Thursday, November 22, 2012

Srinivasa Coffee works

This is an interview with the owner of Srinivasa Coffee works on D.V.G.road in Basavanagudi, Bangalore. I reproduce here the story of Gandhi Bazaar as told by him:

"Gandhi Bazaar was created 50 years back. I have been here since the beginning. I grew up in the coffee plantations. I knew everything about coffee, so decided to start this business here. We were six brothers and all of us were in this business. I have had this shop selling coffee for 50 years. Our coffee also goes abroad, America, Muscat, Dubai, Singapore, Bombay, Delhi. Our coffee has also gone to Commonwealth games.

There are fewer and fewer of the older generation now. The business is also less. Many people have moved out. Things have changed so much. Good quality of coffee and condiments is not available any more. Previously, D.V.G. road was called Nagassandra road. Earlier, there were only ten shops. Now, it is completely filled with shops and houses.

Every year it is improving more. Also, the Kadlekai Parishe (Groundnut Fair) previously it was only one day or two days, now it is come to four days and Ministers come. All children’s toys are also available now. Previously, village people came. It was a mela. You get things to eat, you get balloons, everything. It begins in the morning and goes on until midnight. It is so congested. Police cannot control anything. In the old days, there would be only 100-200 people at the Parishe. There was a piece of land near the Bull temple (the Basavana devasthanam) where groundnut was grown in the old days. The Kadlekai Parishe happens on the last Monday of Karthika month.

I live in Basavanagudi, near the Bull temple. Now, outsiders have come to live here – Bombay people, Calcutta, Delhi. From everywhere, the people are here, from every State.

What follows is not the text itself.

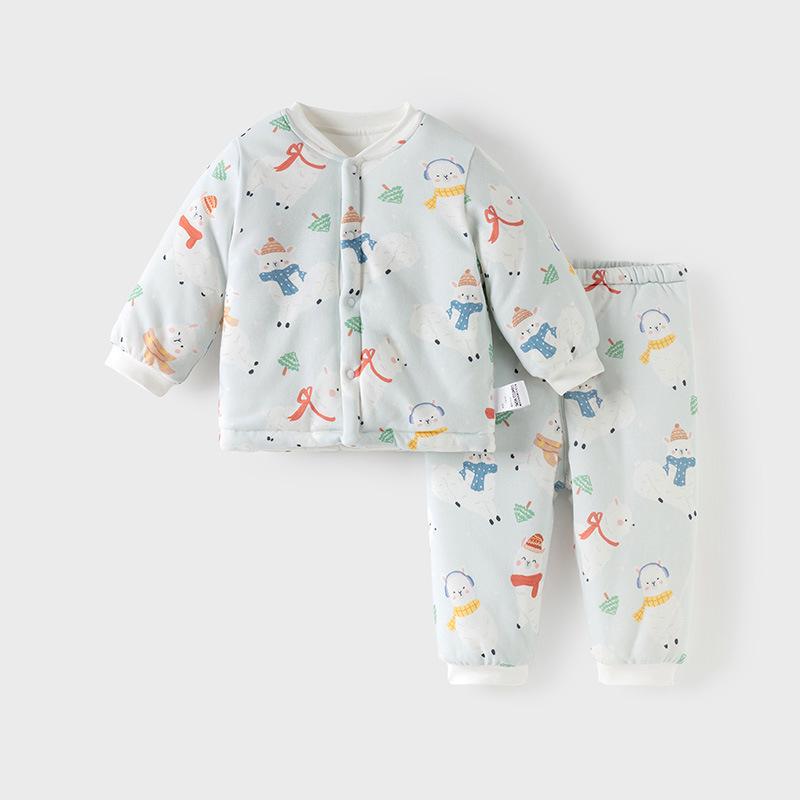 Quilted Baby Two-Piece Homewear Set - Front-Opening Thin Cotton for Autumn/Winter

There are moneylenders, silver business, gold business, cloth business, readymade textiles and so on. There are many from the Jain community. There is a Jain temple and a Jain college here. There are many Mangaloreans here too. The population has increased so much. Some of the Mathas have properties here. They have constructed choultries and they give rooms for rent. Earlier, the Basavanagudi community was only Brahmin community. In Malleswaram, there were only Iyengars.

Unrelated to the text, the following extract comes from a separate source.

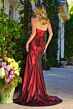 Elizabeth K GL3589 Pleated Corset High Slit Metallic Dress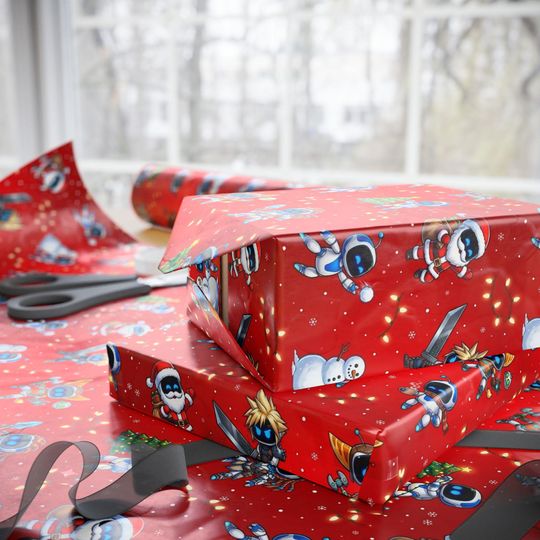 Astro Bots Holiday Heroes Wrapping Paper | Cloud, Ratchet, Aloy & More!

Everything has become so expensive now, tiffin is more costly, hotel is more costly. When I first started my business, in 1960, I used to pay sixty rupees as rent on D.V.G.road. Now, you have to pay Rs.5,000 or 10,000 to rent a shop here. Earlier, house rents were Rs.20, Rs.30 to Rs.100. According to food rates, all rates have increased. It is become second U.S. here. You can export anything, our flowers are exported, our tulsi is exported. Everything is possible now. It has become a world market."

It was an absolutely special afternoon listening to this story in the midst of people coming in to buy their filter coffee, in the midst of coffee being freshly ground and feel most grateful for having this opportunity to know how life was in Gandhi Bazaar at the very beginning. 

Monday, November 12, 2012

Bazaar - a layering in time

In a Bazaar, there is a layering of people and of goods. There is also another kind of layering – of spatial configurations that are random in their making and that metamorphose into a different complexity from one day to the next.


The vendor is part of a layering process that has on one hand, spatial elements – those that create his own territory and those that circumvent his territory. On the other hand, there are the changing displays that can be seen as part of one layer or as belonging to more than one layer. The vendor participates in a simultaneous layering of spaces and displays.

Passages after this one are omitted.